Each year, the programme is delivered to over 2000 primary school children aged between 9 and 12 across the borough. Scenarios vary from a stranger in the street to rail and water safety. Amongst other topics, children are educated about substances, vandalism and first aid. South Thames students have helped by answering simulated 999 calls and playing the role of a robber, stranger or casualty.

Tatiana Martins, a Public Services student at the college commented “We are treated as employees of the emergency services. It has taught me how to act professionally, helped my timekeeping and I now understand how the emergency services respond to situations.

“It’s also a great opportunity for us to speak with professionals in the industry. The emergency service staff have been telling us about their roles and preparing us for working life in the services when we leave college.”

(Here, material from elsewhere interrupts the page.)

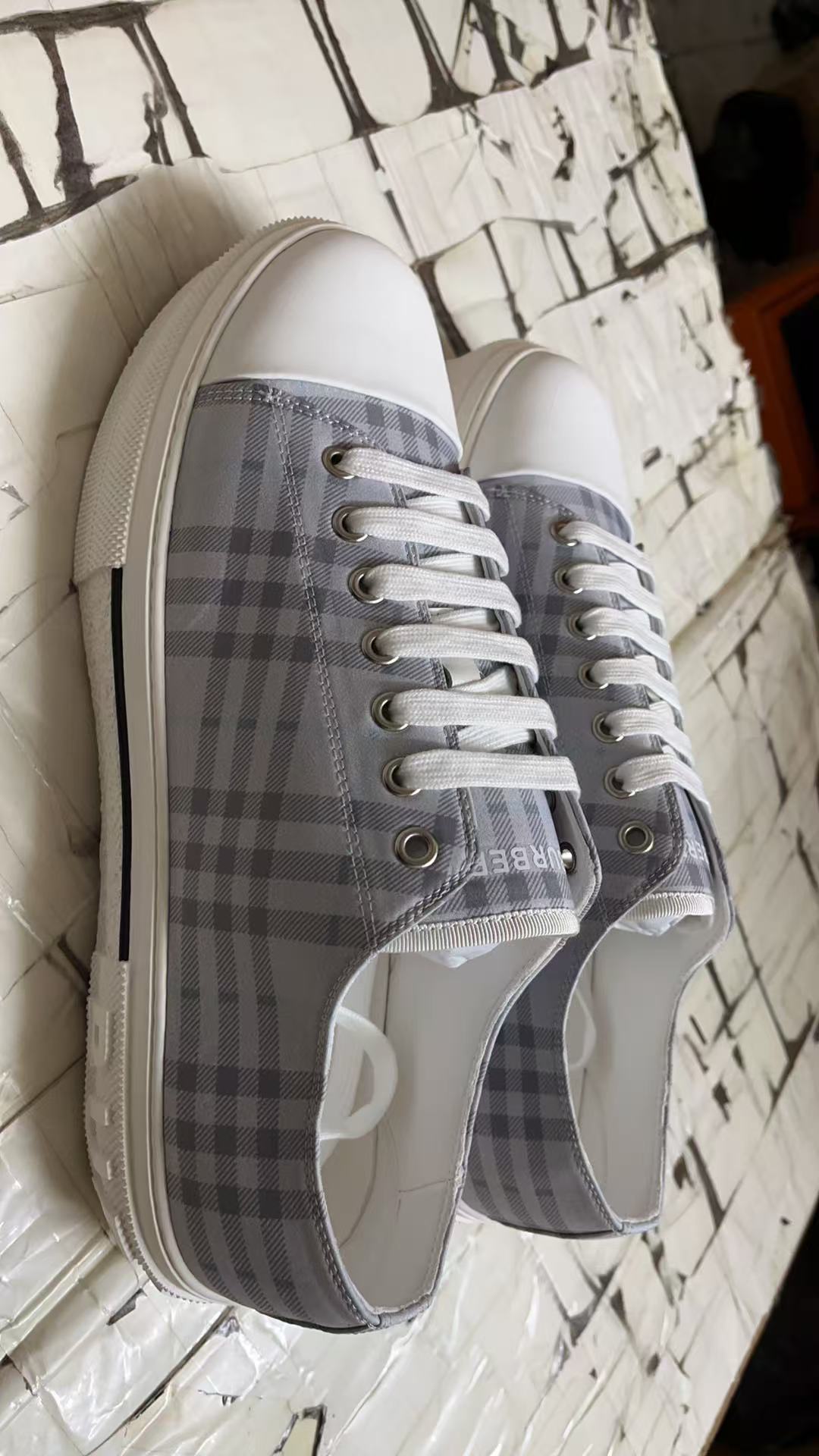 B**rry shoes(aaa)-123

So what do the services get out of it? PC Geraldine who assists in delivering the scheme said “The scheme allows us to work closely with students who will potentially join 1 of the 3 emergency services. It’s their opportunity to work with young people from the borough and their input enhances the scheme greatly.”

Paul Cummins of the London Fire Brigade agreed that the scheme was an invaluable learning experience to both the local children and the college students. He said “Students get to play casualties and role play in different situations. They have an insight into our job roles and can see the situations from an integrated approach by learning how the emergency services work together. It’s definitely preparing them for working life in a pressurised environment”.

Three years ago the scheme was accredited by ROSPA (The Royal Society for the Prevention of Accidents), which enhances the credibility of the programme and acknowledges the benefits the scheme gives to the local community. The programme has now secured the Atheldene Centre in Wandsworth as a location to hold the programme for the next three years; fantastic news for the organisers.